New York (CNN Business)The advertiser boycott spearheaded by liberal organizations of Fox News host Tucker Carlson is starting to have a visible effect.
In those four breaks, there were approximately 20 regular commercials, plus six advertisements for other Fox content. In the week before the boycott, Carlson’s program averaged 36 advertisements per show, not including commercials for Fox content, according to The Hollywood Reporter.
Carlson prompted a backlash last week when he said on his show that mass immigration “makes our country poorer, and dirtier, and more divided.” He defended his comments in a segment earlier this week, showing images of trash at the US-Mexico border and arguing border crossers leave behind large amounts of “garbage and waste” as they make their way inside the country.
On Wednesday night’s show, Alan Dershowitz, the retired Harvard law professor who regularly appears as a guest on Fox News and other cable networks, confronted Carlson for his rhetoric during an unrelated segment on the latest developments about fired National Security Adviser Michael Flynn.
Dershowitz said he disliked advertiser boycotts, but that he felt “compelled” to tell Carlson that he disagreed with his comments and wish he “hadn’t used that language.”
Carlson pushed back against Dershowitz’s characterization of his comments, saying he is “pro-people” and “would never describe people as inherently dirty.”
Since Carlson’s initial remarks, more than a dozen companies — including IHOP, Just For Men, and Land Rover — have announced that they were either pulling their ads from Carlson’s show, or suspending them.
Liberal organizations like Media Matters and Sleeping Giants, which have led similar boycotts against Fox News programming before, have publicly pressured companies to stop supporting Carlson’s program through advertising dollars.
Reached for comment on Thursday, a Fox News spokeswoman pointed to her Tuesday statement which said, “We cannot and will not allow voices like Tucker Carlson to be censored by agenda-driven intimidation efforts from the likes of Moveon.org, Media Matters and Sleeping Giants.”
The Fox News spokeswoman added on Tuesday, “While we do not advocate boycotts, these same groups never target other broadcasters and operate under a grossly hypocritical double standard given their intolerance to all opposing points of view.”
Responding to Fox News, Angelo Carusone, the president of Media Matters, released a statement Tuesday imploring people not to “let Fox News distract, deflect, or deceive.”
“This isn’t about Media Matters, Sleeping Giants, or activists,” Carusone said. “No one forced Tucker Carlson’s odious bigotry and fixation on white genocide conspiracy theories. And that’s what advertisers are rejecting. Rightfully so, too.”
Carlson has found some supporters in unlikely places, however. Jack Shafer, the Politico media critic who said he dislikes Carlson’s show and wishes it would find itself “an immediate, shallow grave in the TV-show boneyard,” wrote in a column Wednesday, “As much as the Carlson show pains me, the calls by activists for an advertiser boycott pain me more.”

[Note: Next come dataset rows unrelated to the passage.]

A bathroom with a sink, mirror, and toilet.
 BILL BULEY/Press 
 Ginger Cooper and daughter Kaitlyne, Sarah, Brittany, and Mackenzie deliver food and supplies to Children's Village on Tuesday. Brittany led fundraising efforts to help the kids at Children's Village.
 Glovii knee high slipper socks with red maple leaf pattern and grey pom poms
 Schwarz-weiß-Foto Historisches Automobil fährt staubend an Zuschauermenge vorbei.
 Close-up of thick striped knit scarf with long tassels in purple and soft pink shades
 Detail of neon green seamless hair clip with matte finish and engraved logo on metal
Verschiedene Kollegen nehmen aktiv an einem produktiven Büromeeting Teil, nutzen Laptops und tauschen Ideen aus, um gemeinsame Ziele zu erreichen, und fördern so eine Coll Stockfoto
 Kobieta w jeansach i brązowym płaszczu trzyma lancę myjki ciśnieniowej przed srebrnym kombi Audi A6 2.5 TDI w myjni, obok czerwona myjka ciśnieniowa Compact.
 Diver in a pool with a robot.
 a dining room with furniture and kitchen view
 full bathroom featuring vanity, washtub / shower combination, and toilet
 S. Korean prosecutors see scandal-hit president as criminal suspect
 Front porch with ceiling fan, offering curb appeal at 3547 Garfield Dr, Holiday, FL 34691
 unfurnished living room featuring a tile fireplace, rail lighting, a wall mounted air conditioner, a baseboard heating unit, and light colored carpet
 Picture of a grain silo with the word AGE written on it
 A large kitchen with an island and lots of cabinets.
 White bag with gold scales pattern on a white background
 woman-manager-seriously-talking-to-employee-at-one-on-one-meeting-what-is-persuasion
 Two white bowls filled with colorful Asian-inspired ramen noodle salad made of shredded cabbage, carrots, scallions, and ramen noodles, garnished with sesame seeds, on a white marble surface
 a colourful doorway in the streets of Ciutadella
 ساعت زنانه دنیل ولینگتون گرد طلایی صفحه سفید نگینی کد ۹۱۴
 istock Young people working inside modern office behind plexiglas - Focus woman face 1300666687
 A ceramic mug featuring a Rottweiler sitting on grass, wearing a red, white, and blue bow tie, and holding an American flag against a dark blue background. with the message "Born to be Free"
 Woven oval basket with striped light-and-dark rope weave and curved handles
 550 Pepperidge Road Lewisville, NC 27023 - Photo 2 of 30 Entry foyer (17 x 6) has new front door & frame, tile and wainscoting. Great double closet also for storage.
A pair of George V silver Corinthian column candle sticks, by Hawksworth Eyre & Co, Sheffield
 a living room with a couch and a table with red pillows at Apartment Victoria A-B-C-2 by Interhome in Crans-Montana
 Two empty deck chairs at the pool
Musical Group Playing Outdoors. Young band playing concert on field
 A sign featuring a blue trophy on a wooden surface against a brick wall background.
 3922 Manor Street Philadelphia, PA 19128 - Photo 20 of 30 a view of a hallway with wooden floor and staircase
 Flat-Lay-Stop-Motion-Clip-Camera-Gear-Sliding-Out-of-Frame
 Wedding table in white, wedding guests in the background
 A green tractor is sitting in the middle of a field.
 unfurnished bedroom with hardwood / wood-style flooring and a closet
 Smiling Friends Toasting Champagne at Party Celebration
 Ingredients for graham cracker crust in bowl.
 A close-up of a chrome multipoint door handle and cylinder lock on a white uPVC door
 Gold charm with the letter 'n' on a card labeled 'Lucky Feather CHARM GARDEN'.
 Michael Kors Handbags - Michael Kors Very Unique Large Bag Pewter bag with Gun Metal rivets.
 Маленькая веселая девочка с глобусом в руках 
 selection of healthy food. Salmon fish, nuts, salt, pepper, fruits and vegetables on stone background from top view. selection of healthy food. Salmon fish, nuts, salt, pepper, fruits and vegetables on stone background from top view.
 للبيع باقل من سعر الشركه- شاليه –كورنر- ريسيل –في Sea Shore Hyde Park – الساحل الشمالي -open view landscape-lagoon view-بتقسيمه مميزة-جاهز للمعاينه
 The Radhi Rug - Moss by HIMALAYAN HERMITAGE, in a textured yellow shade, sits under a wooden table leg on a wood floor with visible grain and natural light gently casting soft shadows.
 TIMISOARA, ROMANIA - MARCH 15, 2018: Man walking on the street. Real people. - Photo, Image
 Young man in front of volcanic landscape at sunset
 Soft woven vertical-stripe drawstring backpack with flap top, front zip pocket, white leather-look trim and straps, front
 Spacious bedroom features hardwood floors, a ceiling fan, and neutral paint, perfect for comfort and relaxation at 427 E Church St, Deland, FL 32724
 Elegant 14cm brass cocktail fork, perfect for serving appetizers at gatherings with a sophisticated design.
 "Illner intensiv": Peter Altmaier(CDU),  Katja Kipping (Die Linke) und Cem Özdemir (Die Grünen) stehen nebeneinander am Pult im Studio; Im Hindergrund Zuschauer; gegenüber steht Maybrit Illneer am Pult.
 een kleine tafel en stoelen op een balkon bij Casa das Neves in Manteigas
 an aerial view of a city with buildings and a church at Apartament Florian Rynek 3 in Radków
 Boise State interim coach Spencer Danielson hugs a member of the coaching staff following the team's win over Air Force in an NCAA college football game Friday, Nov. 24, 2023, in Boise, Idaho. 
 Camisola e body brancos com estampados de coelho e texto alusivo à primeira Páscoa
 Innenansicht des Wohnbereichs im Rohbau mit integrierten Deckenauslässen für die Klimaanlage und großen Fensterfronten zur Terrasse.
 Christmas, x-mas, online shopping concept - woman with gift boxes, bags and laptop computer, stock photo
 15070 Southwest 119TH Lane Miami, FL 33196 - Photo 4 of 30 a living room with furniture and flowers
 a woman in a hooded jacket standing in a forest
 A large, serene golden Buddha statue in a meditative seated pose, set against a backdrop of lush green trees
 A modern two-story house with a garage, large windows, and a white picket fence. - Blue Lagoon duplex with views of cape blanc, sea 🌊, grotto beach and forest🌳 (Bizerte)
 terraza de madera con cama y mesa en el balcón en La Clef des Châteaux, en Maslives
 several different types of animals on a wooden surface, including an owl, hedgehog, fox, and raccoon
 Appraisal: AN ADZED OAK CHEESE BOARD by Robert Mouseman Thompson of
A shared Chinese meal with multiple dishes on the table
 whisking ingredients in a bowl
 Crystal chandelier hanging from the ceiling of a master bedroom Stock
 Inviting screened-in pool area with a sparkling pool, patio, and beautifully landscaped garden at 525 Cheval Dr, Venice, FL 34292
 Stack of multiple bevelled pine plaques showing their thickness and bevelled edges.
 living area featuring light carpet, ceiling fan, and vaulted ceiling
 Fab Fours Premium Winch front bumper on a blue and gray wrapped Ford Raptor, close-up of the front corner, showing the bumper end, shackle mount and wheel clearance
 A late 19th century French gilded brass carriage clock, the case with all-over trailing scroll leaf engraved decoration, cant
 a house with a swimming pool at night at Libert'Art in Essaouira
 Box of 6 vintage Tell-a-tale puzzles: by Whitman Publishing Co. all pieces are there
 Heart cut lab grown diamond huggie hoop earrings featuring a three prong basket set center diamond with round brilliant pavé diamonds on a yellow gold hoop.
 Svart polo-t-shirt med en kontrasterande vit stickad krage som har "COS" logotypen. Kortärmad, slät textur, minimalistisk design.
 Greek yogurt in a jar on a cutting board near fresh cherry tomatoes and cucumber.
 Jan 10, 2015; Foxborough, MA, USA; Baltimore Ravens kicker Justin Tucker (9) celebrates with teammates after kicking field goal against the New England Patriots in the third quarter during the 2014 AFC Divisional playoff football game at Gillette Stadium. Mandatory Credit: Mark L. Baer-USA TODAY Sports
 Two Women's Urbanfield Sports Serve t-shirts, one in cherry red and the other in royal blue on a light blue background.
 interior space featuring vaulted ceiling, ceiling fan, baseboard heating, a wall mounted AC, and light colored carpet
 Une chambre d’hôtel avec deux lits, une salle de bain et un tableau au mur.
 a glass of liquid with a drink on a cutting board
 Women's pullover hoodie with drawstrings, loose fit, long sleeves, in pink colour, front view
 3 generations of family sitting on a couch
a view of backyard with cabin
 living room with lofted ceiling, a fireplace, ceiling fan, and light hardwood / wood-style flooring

“Advertisers tend to be timid, overreactive, running from controversy and conflict, and in times of perceived crisis, their timidity spreads to publishers, which is bad for journalism,” Shafer wrote. “It’s easy to imagine today’s boycotts turning into tomorrow’s blacklist.”
For now, the advertiser boycott is not hurting Fox News’ bottom line, the network spokeswoman told CNN Tuesday, explaining that the advertisers abandoning Carlson’s program were moving their commercials to other shows on the channel. Of course, networks always want to fill every hour of programming with advertisements, and the boycott is hindering Fox News’ ability to do that on Carlson’s show.
It’s possible — perhaps even likely — that with the holidays approaching, the pressure on companies to leave his show will cool as people tune out of the news cycle to spend time with family. Advertiser boycotts rarely last for long periods of time.
That said, the success of the current campaign has underscored that the Fox News primetime lineup — made up of right-wing commentators — is vulnerable to advertiser boycotts flaring up because the hosts are prone to making the kinds of remarks that can spur them.
In April, more than a dozen companies said they would no longer advertise on Laura Ingraham’s show after she mocked David Hogg, a survivor of the Parkland school shooting who has become a vocal advocate for gun control.
Last year, a separate advertiser backlash hit Carlson’s predecessor on Fox News’ 8 p.m. hour, Bill O’Reilly, after a New York Times report about settlements with women who alleged either sexual harassment or verbal abuse by O’Reilly. The number of advertisers pulling their commercials eventually grew to at least 60, and O’Reilly, who denied the sexual harassment allegations, was eventually pushed out of Fox.